Dáil debates

Thursday, 12 May 2011

Jobs Initiative 2011: Statements (Resumed)

 

10:30 am

Photo of Clare DalyClare Daly (Dublin North, Socialist Party)

I strenuously disagree with those who claim this initiative is a modest programme, a start, or that it is the first step in a long road. It is none of these things. It is a mixed bag of uncoordinated policies which does not bring any cohesion to the jobs crisis. It simply represents furtherance of the policies already in existence. It offers no shred of hope to the almost 500,000 people who are unemployed, whose talent is wasted and who have worked their whole lives but who will not be employed on the many important tasks which must be done. This is apart from financial cost to society in terms of lost revenue and social welfare payments.

It should go without saying that there cannot be an economic recovery without putting people to work. Sadly, there is no measure in this proposal which does this. Even the title has been downgraded. It no longer has any pretence at being a job creation programme; it is a programme to create the conditions to create jobs. This is nonsense. It is simply a continuance of a low tax, low wages economy in the vain hope of some export-led or tourism-led recovery, which is laughable in the context of the world economy.

Let us consider such measures as the removal of the airline tax which has been much lauded as an important contribution. This measure exposes it somewhat. The last Government reduced the tax but it did not have a knock-on effect on the number of bookings. The idea that people in Britain, whose living standards are being decimated by the Tories, will suddenly flock to Ireland because of the elimination of a €3 tax simply does not add up. This measure will not create one single extra job. It is more likely to line the pockets of Mr. O'Leary than anything else.

The measures in the plan are a far cry from the references to the smart economy, innovation, high-skill jobs in industry and so on. Generally speaking, the only measures identified are in the lower paid sectors of the economy and the area of training. A stark warning should be heeded when one considers the elimination of the world-leading industries that operated here, such as SR Technics, the jobs of which were simply gone overnight. Those people were given access to a so-called training fund and to the EU globalisation fund for several months. That began in February and the money will run out in October but it will make no impact in terms of their being upskilled into the economy again.

If one strips away this initiative, one is left with the economic crisis being used to pin the wages and conditions that were fought for over decades under the pretence that this will somehow stimulate economic growth and deliver private sector investment to save the day. I state emphatically that this will not happen and it is completely the wrong way to go about it.

The private sector is incapable of leading the recovery. Let us consider the figures from recent years. Actually, what has taken place is an effective strike of capital, whereby private sector investment has reduced from €50 billion in 2007 to €17 billion last year. This is the gap. To tinker with such measures as halving employer PRSI and reducing VAT will not bridge that gap.
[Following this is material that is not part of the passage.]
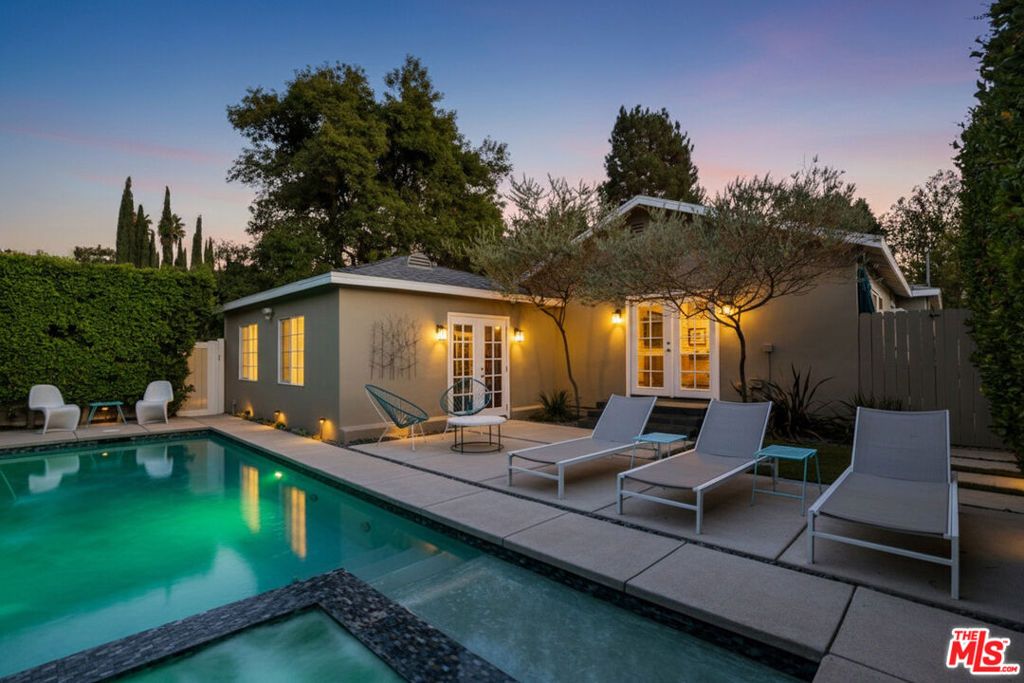 Photo of 16201 Gilmore Street, Lake Balboa, CA 91406 (MLS # 25604339)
The only way to deal with the scale of the jobs crisis is through a vast, State-led stimulus programme which could put people back to work.

Despite what has been said, inaccurately, about Governments not creating jobs, the reality is that the Government and the State is the largest employer. Some 300,000 people are directly employed in the public sector, a further 40,000 people work in semi-State companies and one third of all public expenditure goes on private contracts, not to mind the indirect spin-offs and jobs created in the private sector because of State and public sector investment.

The fact that those in favour of this programme are reduced to crowing about €30 million for school buildings is embarrassing in the context of the gap that exists. The idea that this will deal with school building needs does not add up. What will happen to those schools when no extra teachers are being employed and there is a cap on SNA resources and so on? There will be a handful of new schools with no extra staff to work in them.

Some €60 million has been thrown at the roads, which is fine; there is nothing especially wrong with that. However, hundreds of buses are being taken out of the public transport network in Dublin. This is completely wrong. There was the option of delivering an emergency public works programme but the Government has chosen not to do this. The only way forward is to go after those who have money and to consider such options as the wealth tax or, perish the thought, demanding that big business should contribute somewhat more in terms of corporation tax and to use the resources to spearhead a radical campaign of infrastructure projects. The Government has chosen not to do this. Instead, we have the ESRI stating that such projects as the metro north should not go ahead. This does not stand up to any serious examination. Metro north is a crucial infrastructure project and we should seize the initiative and deliver it. What we have here is a race to the bottom, a transfer of wealth away from workers to employers.

Everyone here moaned about the universal the social charge. That is in place and the lowest paid people pay it. What does the Government do then? It reduces the level of employer PRSI. Employer social insurance in Ireland is one of the lowest in Europe or internationally but the Government has decided to halve it. We are halving it for the lowest paid workers which will only incentivise low pay. Even if an employer were inclined to pay above €365, he or she would be deterred from doing so. It will not create one single extra job. When this is tied in with the reduction in registered employment agreements, REAs, and spurious training programmes which give people a pittance above their dole payments, one is left with nothing. There will not be one single job created out of this scenario. This will only succeed in the transfer of a further share of the national wealth out of the pockets of workers, who would spend it, and into the hands of employers. It is an indictment of the poor record and betrayal of which the Government is guilty.